Without changing a character, return the entries, but not the images they hold.

START Entries provided

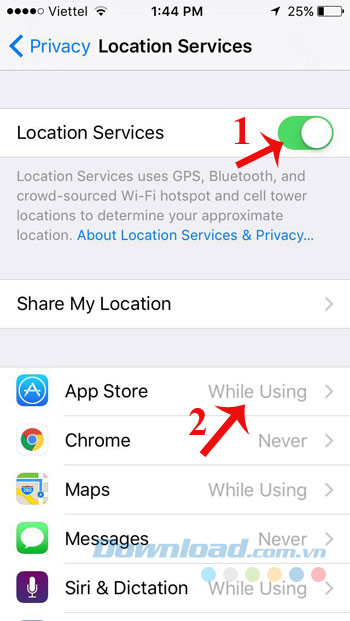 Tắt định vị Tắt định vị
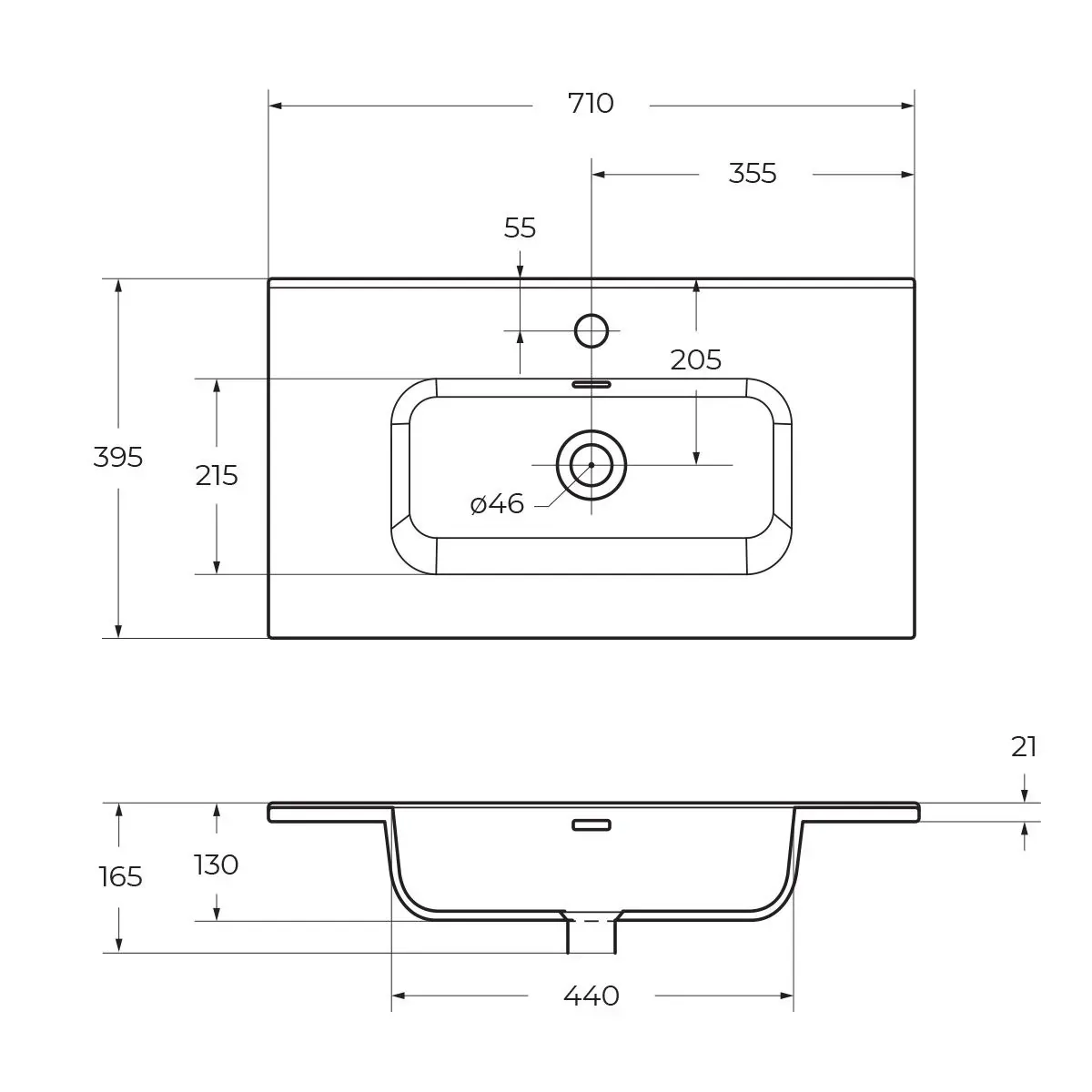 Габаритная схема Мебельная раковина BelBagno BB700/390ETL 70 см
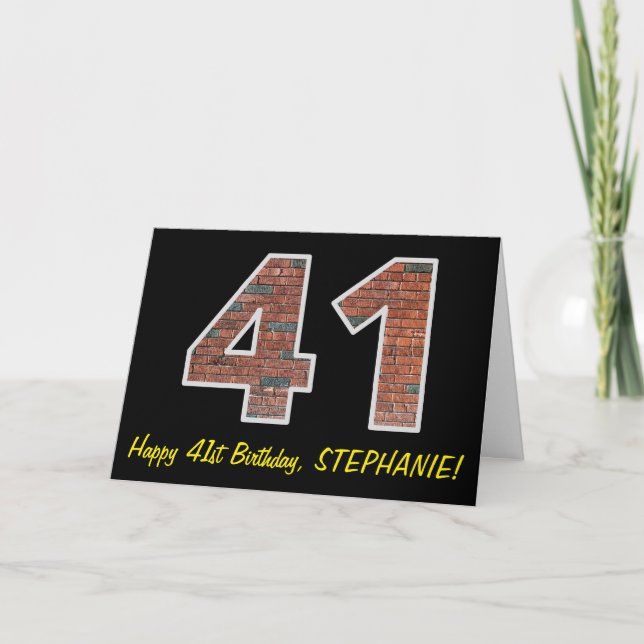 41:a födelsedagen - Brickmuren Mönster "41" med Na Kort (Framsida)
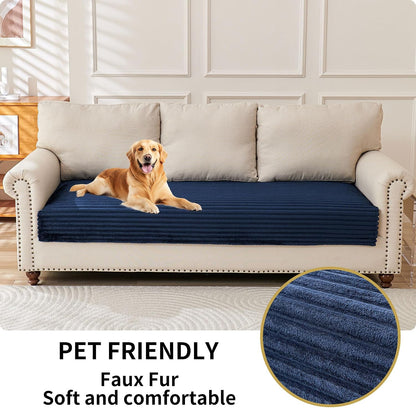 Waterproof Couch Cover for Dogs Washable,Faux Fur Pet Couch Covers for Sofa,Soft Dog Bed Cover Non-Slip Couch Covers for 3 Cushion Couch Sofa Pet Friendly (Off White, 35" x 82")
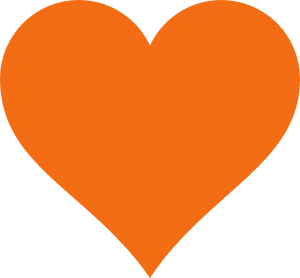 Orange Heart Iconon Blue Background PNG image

END Entries provided

**Solution to this exercise:**
 Tắt định vị Tắt định vị
 Габаритная схема Мебельная раковина BelBagno BB700/390ETL 70 см
 41:a födelsedagen - Brickmuren Mönster "41" med Na Kort (Framsida)
 Waterproof Couch Cover for Dogs Washable,Faux Fur Pet Couch Covers for Sofa,Soft Dog Bed Cover Non-Slip Couch Covers for 3 Cushion Couch Sofa Pet Friendly (Off White, 35" x 82")
 Orange Heart Iconon Blue Background PNG image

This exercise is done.